**WHAT NEEDS TO BE DONE:**
The material below has pictures in it. Set down only the lines from the line containing "Starfish And Coral" through the line containing "Amy Strappy 1", word for word, and leave the pictures behind.

**MATERIAL SUPPLIED:**
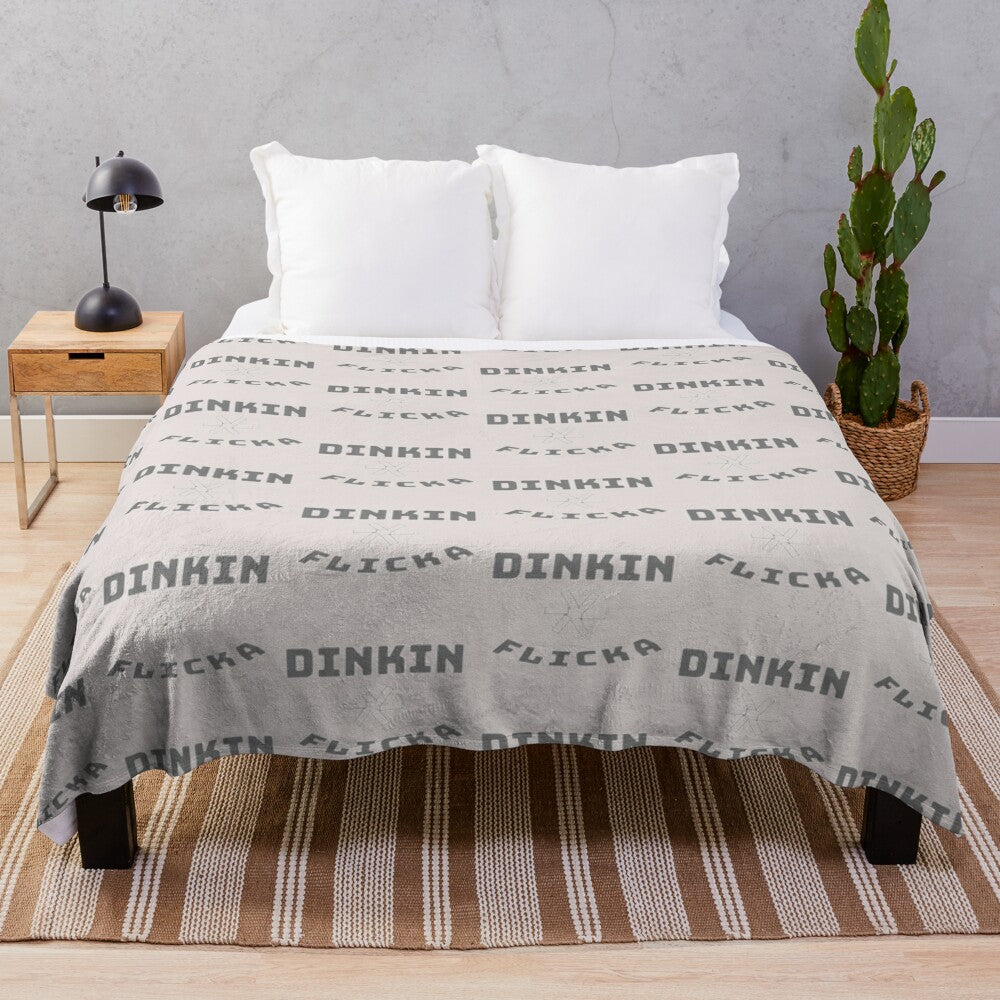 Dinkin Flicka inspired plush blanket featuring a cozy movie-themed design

--

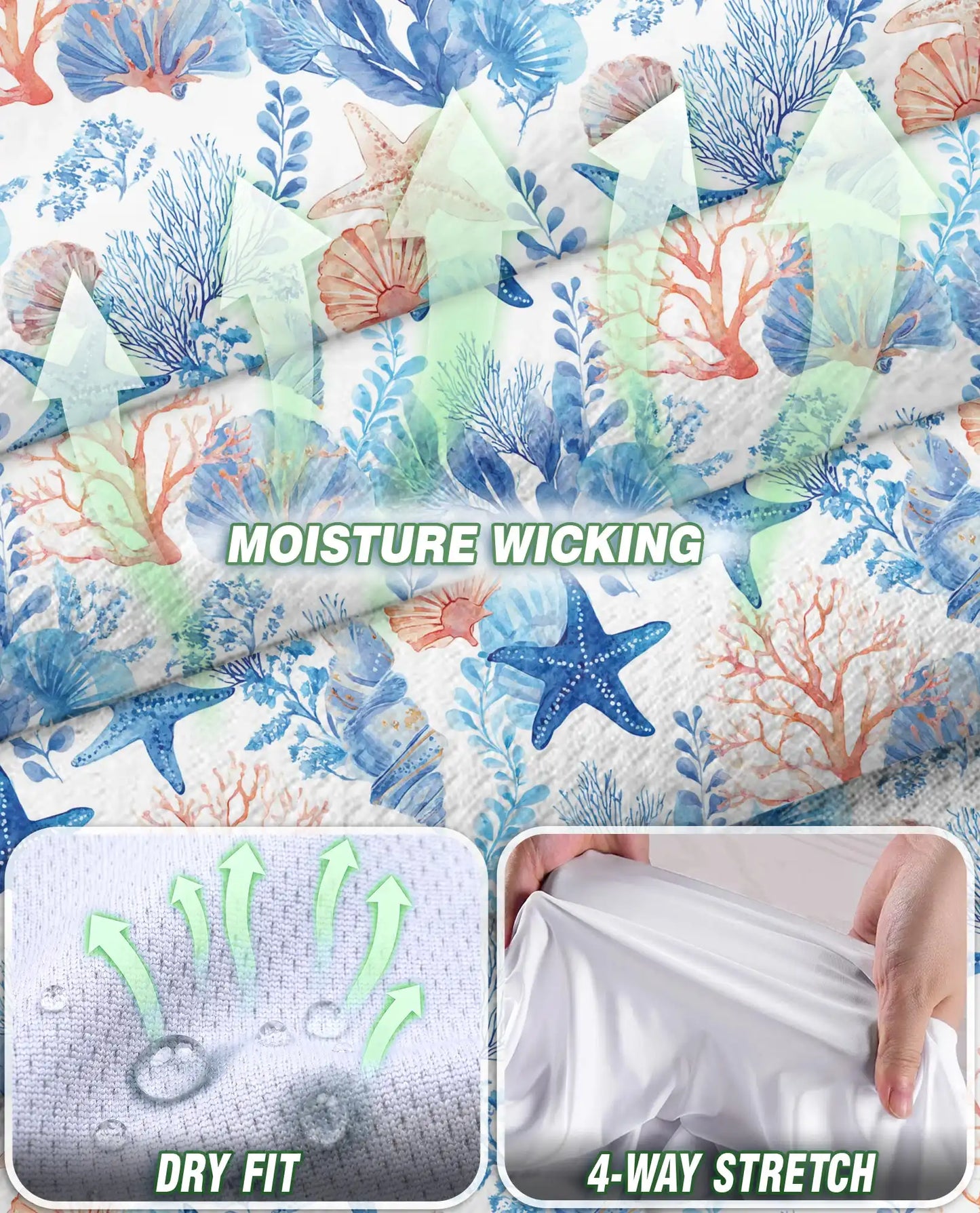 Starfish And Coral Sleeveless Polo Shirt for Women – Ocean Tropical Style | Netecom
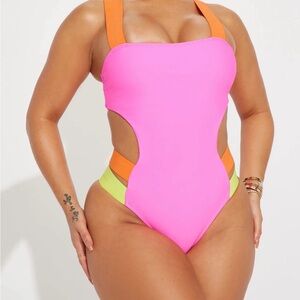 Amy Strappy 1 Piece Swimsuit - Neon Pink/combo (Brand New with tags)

--

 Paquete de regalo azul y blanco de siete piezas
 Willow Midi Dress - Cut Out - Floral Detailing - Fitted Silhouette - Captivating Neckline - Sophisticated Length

**EXERCISE RESPONSE:**
 Starfish And Coral Sleeveless Polo Shirt for Women – Ocean Tropical Style | Netecom
 Amy Strappy 1 Piece Swimsuit - Neon Pink/combo (Brand New with tags)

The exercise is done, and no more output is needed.